(Task item): Only the lines from the one containing "ハートリーブトウェイブレード（Listera cordata、Listera cordifolia、Neottia" through the final line below belong in the output, copied exactly and without pictures.

--------------------------------------------------

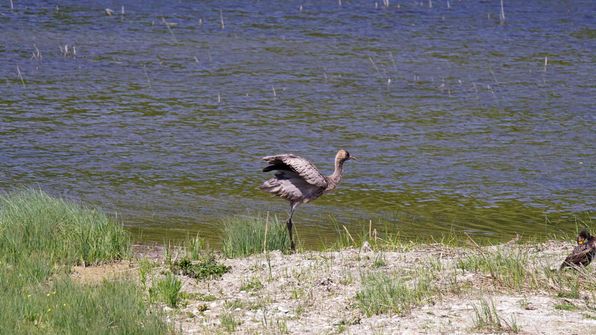 Kranich Auried Kleinbösingen
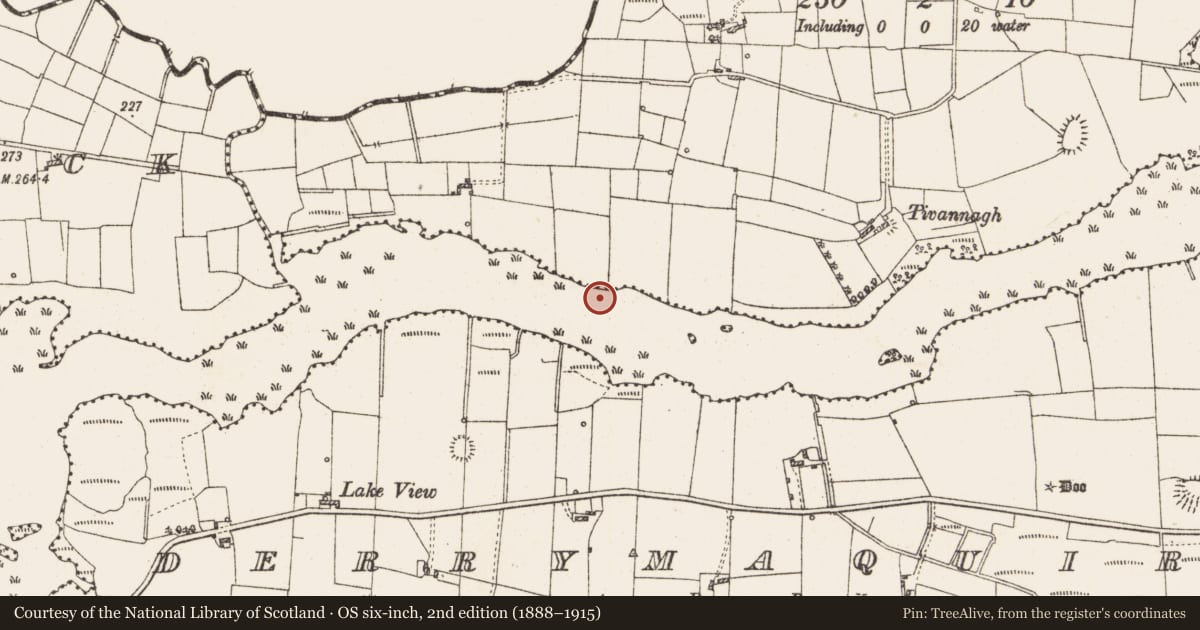 Ordnance Survey six-inch map, 2nd edition (1888–1915) covering the location of Settlement platform, Lough Gara, County Roscommon, with a pin at the register's coordinates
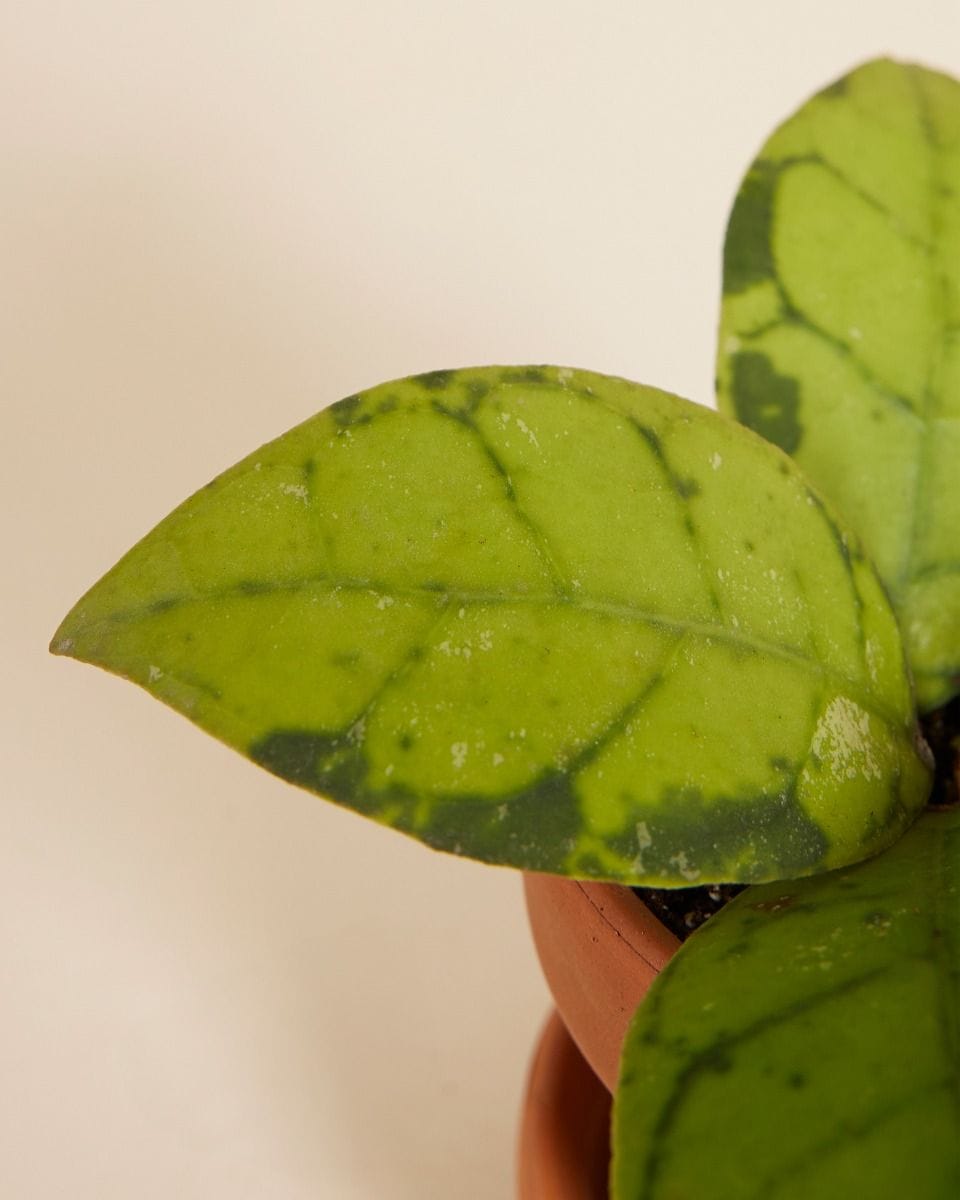 Baby Hoya Callistophylla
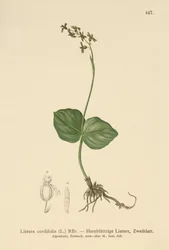 ハートリーブトウェイブレード（Listera cordata、Listera cordifolia、Neottia cordata）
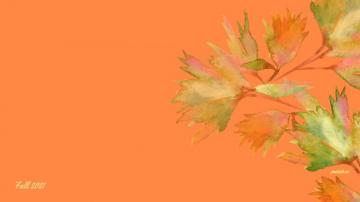 Best Fall Wallpaper HD For Desktop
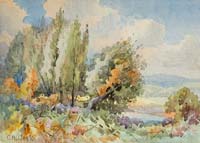 Stand of Trees - click to view larger image...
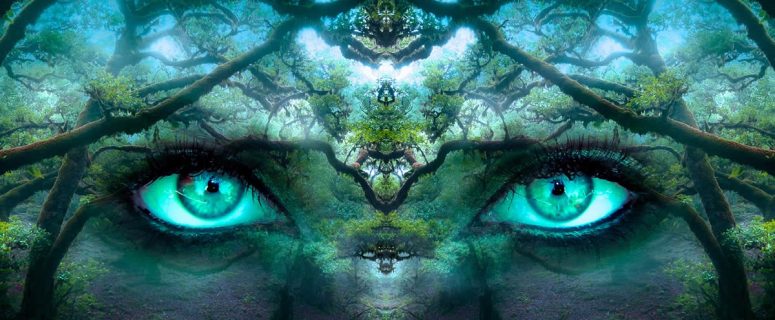 Spirituality Dreams Eyes In Forrest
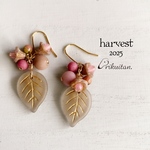 harvest2025 曖昧な果実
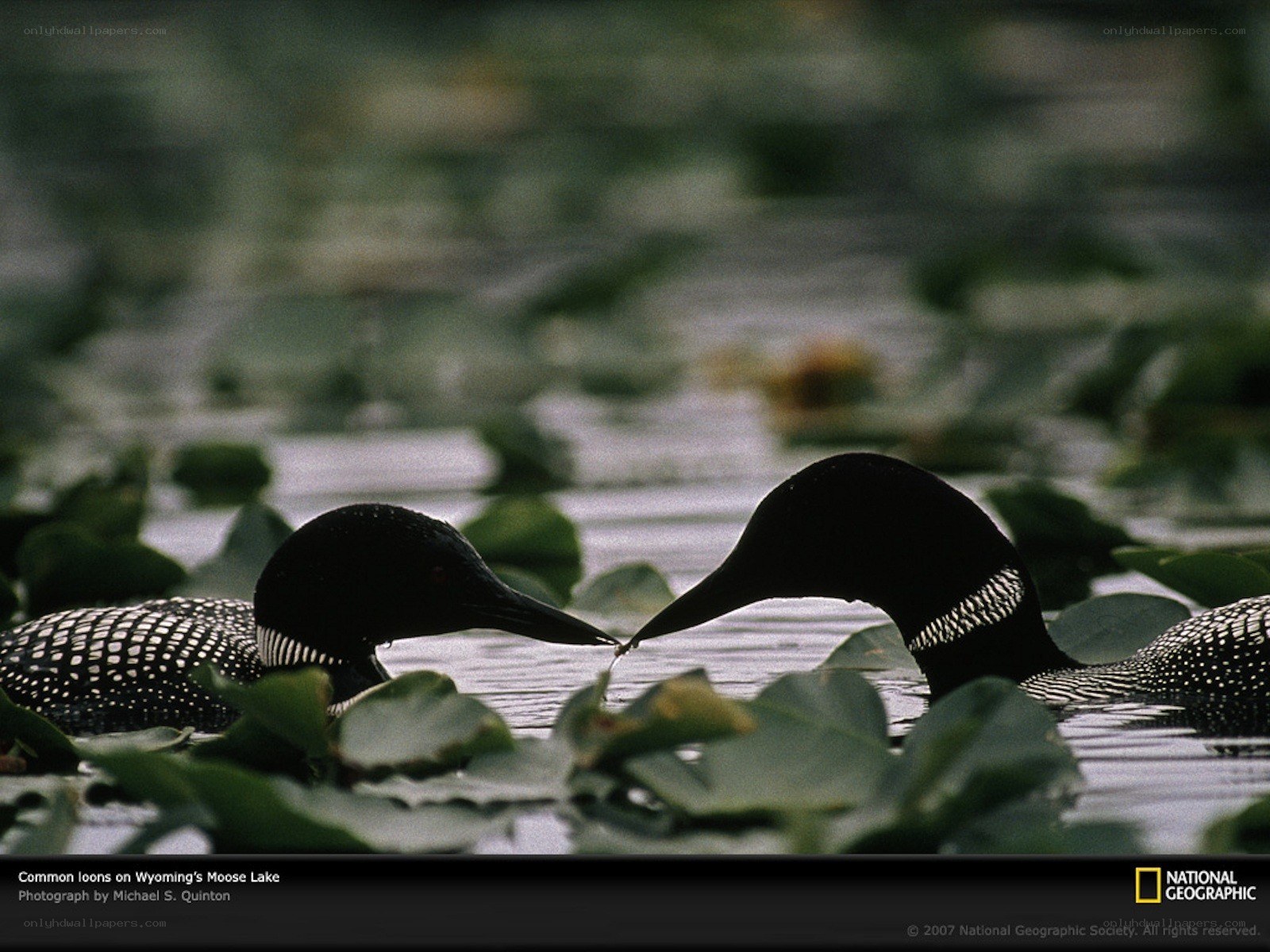 Common loons on Moose Lake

--------------------------------------------------

(Task response):
 ハートリーブトウェイブレード（Listera cordata、Listera cordifolia、Neottia cordata）
 Best Fall Wallpaper HD For Desktop
 Stand of Trees - click to view larger image...
 Spirituality Dreams Eyes In Forrest
 harvest2025 曖昧な果実
 Common loons on Moose Lake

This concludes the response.